Work instructions :: Filter the listing down to the lines containing the word "Graphic".
++++ Records for the exercise
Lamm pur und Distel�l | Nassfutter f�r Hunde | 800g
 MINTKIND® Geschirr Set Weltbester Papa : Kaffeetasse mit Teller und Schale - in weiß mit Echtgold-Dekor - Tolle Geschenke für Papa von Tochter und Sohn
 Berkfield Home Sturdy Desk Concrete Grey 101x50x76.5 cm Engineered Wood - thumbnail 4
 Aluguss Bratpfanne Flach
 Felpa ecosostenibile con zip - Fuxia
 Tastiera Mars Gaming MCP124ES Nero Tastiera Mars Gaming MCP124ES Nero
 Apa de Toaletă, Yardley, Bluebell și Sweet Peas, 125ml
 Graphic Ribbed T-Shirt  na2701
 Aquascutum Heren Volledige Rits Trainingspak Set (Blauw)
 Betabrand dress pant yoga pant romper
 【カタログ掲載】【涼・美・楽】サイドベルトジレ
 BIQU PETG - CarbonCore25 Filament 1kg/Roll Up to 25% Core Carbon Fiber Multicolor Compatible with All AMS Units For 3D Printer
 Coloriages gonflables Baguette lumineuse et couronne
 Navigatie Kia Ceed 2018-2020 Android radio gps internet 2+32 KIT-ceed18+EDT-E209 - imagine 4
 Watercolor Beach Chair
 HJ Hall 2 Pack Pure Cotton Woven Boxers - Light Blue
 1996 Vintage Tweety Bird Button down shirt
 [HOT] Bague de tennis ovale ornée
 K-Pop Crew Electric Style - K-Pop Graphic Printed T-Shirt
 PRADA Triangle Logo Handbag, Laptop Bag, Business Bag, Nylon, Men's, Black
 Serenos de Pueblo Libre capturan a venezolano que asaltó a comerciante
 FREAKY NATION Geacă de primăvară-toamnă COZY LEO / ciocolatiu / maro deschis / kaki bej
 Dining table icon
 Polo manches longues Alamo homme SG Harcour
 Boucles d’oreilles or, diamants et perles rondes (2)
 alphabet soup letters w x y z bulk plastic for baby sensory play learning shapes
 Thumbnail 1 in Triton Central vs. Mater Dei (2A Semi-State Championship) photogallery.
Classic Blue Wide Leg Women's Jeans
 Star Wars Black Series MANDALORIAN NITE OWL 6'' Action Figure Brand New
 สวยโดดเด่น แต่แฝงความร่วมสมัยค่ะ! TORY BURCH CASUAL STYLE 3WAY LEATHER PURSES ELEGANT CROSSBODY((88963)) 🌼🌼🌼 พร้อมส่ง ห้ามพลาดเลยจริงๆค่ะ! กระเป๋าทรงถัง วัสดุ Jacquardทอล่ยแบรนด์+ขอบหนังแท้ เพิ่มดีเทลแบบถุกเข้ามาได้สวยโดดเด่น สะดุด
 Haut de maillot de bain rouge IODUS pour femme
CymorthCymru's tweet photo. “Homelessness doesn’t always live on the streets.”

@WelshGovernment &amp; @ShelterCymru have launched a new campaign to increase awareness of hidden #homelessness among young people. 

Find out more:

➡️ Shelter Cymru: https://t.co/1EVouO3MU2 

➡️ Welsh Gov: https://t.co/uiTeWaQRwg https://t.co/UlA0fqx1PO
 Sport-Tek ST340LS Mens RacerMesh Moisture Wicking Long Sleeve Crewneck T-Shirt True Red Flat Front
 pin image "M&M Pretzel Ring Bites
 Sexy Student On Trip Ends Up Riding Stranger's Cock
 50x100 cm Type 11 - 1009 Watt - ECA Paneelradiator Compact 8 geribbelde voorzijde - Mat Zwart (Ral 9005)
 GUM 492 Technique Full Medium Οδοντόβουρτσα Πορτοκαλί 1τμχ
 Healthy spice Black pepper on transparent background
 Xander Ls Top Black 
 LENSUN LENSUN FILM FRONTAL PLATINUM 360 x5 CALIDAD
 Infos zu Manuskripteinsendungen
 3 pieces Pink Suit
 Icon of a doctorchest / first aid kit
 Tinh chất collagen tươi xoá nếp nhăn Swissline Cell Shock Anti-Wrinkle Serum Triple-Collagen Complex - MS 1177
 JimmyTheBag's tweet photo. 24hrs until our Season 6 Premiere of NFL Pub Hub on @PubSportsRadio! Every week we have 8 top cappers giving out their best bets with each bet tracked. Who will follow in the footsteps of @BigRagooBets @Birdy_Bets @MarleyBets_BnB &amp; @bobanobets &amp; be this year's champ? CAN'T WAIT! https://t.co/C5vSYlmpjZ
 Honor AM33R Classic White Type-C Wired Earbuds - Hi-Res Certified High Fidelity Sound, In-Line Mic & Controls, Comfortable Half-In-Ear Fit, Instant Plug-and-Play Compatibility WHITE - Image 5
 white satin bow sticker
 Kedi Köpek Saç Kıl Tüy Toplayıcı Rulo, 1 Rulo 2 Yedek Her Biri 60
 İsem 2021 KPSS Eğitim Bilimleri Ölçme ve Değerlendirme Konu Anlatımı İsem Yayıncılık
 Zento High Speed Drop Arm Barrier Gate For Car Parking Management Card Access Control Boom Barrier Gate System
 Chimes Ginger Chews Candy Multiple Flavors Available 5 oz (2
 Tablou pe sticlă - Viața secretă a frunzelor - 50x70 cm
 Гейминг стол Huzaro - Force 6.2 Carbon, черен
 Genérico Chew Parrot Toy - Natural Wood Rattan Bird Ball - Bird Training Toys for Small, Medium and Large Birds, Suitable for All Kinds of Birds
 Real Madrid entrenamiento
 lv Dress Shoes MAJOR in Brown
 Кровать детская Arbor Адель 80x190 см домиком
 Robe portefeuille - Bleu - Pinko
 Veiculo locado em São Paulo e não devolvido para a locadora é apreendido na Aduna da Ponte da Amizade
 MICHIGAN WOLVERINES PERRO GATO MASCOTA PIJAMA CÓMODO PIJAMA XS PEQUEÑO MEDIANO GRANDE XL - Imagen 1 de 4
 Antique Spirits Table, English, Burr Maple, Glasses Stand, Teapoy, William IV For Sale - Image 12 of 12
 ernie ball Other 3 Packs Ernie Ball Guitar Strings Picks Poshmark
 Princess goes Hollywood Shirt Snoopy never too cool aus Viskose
++++++++
Response to this task ::
 Graphic Ribbed T-Shirt  na2701
 K-Pop Crew Electric Style - K-Pop Graphic Printed T-Shirt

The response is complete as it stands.